(TASK INSTRUCTIONS): Write out exactly the lines below that run from the one containing "Workin' Man Blues Workin'" through the one containing "J.PRESS(ジェイプレス)の「【洗える】GIZA MERCERIZE COTTON", both included, with no other lines.

(RECORD EXTRACTS):

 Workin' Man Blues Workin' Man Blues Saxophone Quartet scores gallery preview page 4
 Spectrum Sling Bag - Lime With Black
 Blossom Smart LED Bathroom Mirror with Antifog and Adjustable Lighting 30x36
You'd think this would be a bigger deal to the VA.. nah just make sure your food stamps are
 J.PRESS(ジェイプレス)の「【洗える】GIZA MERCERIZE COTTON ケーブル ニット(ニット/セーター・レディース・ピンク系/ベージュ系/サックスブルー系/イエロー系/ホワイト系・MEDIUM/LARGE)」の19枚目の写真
==
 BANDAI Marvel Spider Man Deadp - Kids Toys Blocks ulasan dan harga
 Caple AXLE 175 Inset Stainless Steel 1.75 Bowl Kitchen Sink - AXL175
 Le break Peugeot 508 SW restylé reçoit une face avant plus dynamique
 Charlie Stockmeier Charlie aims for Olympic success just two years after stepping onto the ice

(TASK RESULT):
 Workin' Man Blues Workin' Man Blues Saxophone Quartet scores gallery preview page 4
 Spectrum Sling Bag - Lime With Black
 Blossom Smart LED Bathroom Mirror with Antifog and Adjustable Lighting 30x36
You'd think this would be a bigger deal to the VA.. nah just make sure your food stamps are
 J.PRESS(ジェイプレス)の「【洗える】GIZA MERCERIZE COTTON ケーブル ニット(ニット/セーター・レディース・ピンク系/ベージュ系/サックスブルー系/イエロー系/ホワイト系・MEDIUM/LARGE)」の19枚目の写真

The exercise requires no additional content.